Friday, April 26, 2019

Lectura de Luis Hernán Castañeda en el 3er Festival del libro hispano de 2019


En primer lugar, quisiera agradecer al director del festival, Hemil García Linares, por su generosa invitación; a los auspiciadores que hicieron posible este evento; y también a todos los escritores, colegas, amigos y amigas que se han acercado hoy a para celebrar lo que está siendo una hermosa tarde de literatura y comunidad. Ha sido todo un placer y un honor para mí ser testigo de lecturas, presentaciones, talleres, sorteos y actividades que, entrelazando voces, experiencias y pasiones, componen juntas ese misterioso objeto colectivo, hecho de tiempo, palabras y silencios, que llamamos festival. Porque, ¿qué es un festival realmente? ¿Cómo definir estas encrucijadas que nos llaman, nos envuelven, nos estimulan, y cómo explicar el deseo que sentimos de formar parte de ellas? El asunto cobra mayor importancia si consideramos que algunos, o tal vez muchos de los aquí presentes, somos extranjeros, en los múltiples sentidos de esa palabra: viajeros, migrantes, exiliados, desplazados, y también poetas, narradores, creadores, exploradores. En esta breve presentación, quisiera reflexionar con ustedes a partir del tema del festival. Espero ser capaz, en ese proceso, de contarles un poco sobre mí como escritor.

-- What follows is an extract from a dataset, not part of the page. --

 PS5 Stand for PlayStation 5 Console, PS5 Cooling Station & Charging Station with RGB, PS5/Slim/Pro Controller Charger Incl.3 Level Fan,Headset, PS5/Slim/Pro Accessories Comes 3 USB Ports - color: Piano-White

El mismo Hemil ha expresado este deseo en más de una ocasión: “Porque no teníamos un festival, y queríamos uno, tuvimos que crearlo nosotros mismos”. La palabra “festival” invoca la fiesta, y también la creación: es una creatura viviente con muchos co-autores, todos los reunidos en este instante; una representación, obra teatral o cadáver exquisito. Algo así, si me permiten la comparación, como esas sociedades secretas que suelen aparecer en los cuentos de Borges, solo que en este caso hablamos de una sociedad abierta, festiva, efímera. Un festival parece ser, pues, el opuesto radical del trabajo del escritor, el cual tiene mucho de soledad, concentración y aislamiento: un solo cerebro, una sola inventiva, frente a sí misma, la tradición y el mundo. Una situación muy parecida a la del lector, que se sirve de la lectura como un mapa para explorar su propia imaginación. El individuo versus el grupo, la obra íntima contra el tejido de encuentros que supone un festival. ¿Cómo reconciliar, pues, estos extremos? Para empezar a responder, quisiera contarles mi historia.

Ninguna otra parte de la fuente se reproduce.